A plaque commemorates those who were prisoners of war in Changi during World War Two. 

During World War II, following the Fall of Singapore in February 1942, the Japanese military detained about 3,000 civilians in Changi Prison, which was built to house only 600 prisoners. The Japanese used the British Army's Selarang Barracks, near the prison, as a prisoner of war camp, holding some 50,000 Allied soldiers, predominantly British and Australian; and from 1943, Dutch civilians brought over by the Japanese from the islands in the Dutch East Indies (now Indonesia).  POWs were in fact rarely, if ever, held in the civilian prison. Nevertheless, in the UK, Australia, The Netherlands and elsewhere, the name "Changi" became synonymous with the infamous POW camp nearby.

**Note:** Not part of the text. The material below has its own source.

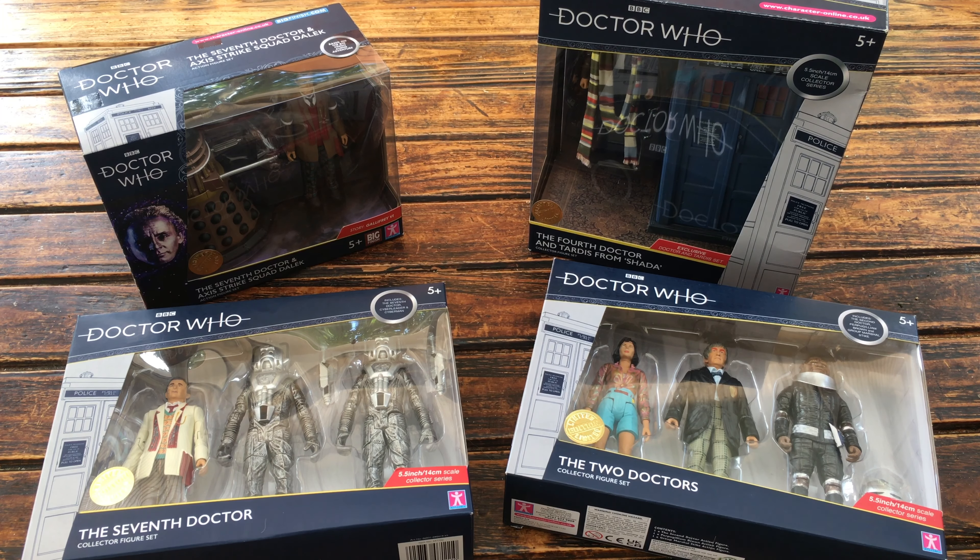I hope that you enjoyed this unboxing video. Please stay tuned for individual reviews on each of these sets and I will be including information down in the description box below of where you can buy these particular figures, reviews and the prices. Thanks for watching.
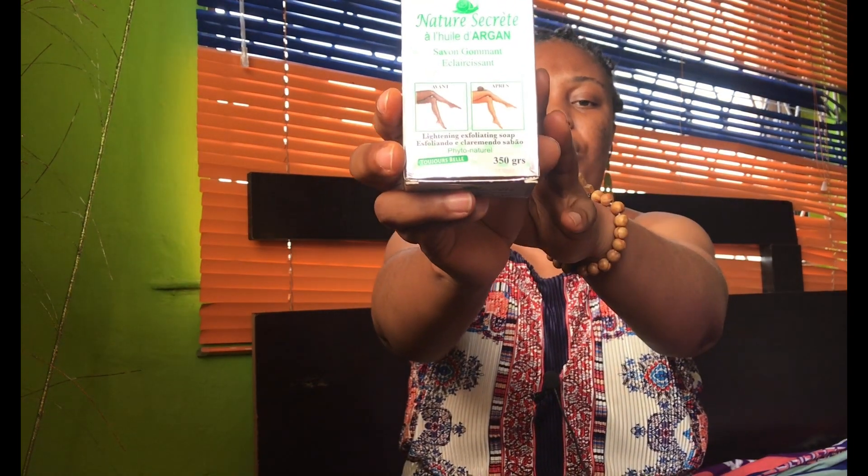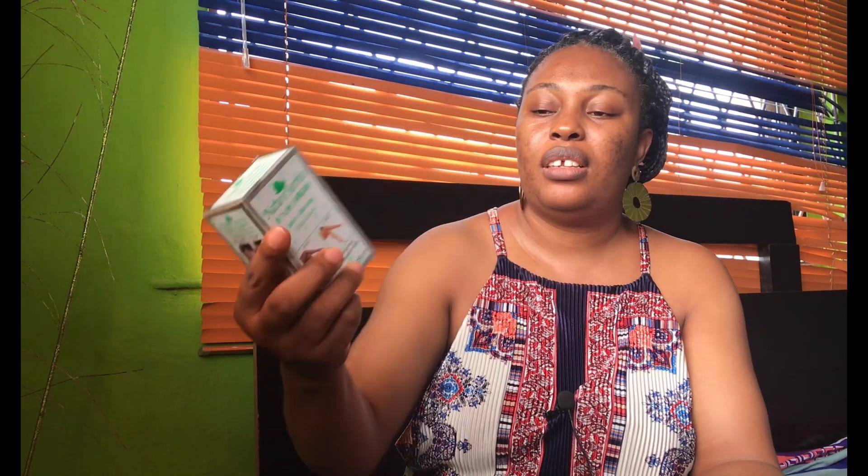Though it was written 'lightening exfoliating soap,' I still got it because I'm aware that there are so many soaps and products out there that say whitening and lightening — it's just for marketing. But this one had a before-and-after picture of a lady on it, so let's see how it goes.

About 850 POWs died during their internment in Changi during the Japanese occupation of Singaporea relatively low rate compared to the overall death rate for POWs in Japanese camps. However, many more prisoners died after being transferred from Changi to various labour camps outside Singapore, including the Burma Railway and the Sandakan airfield. Allied POWs, mainly Australians, built a chapel at the prison in 1944 using simple tools and found materials. 

 

Location

Address:11 Murphys Road, Wommin Bay Memorial Walk, Kingscliff, 2487
State:NSW
Area:AUS
GPS Coordinates:Lat: -28.234409
Long: 153.565574
Note: GPS Coordinates are approximate.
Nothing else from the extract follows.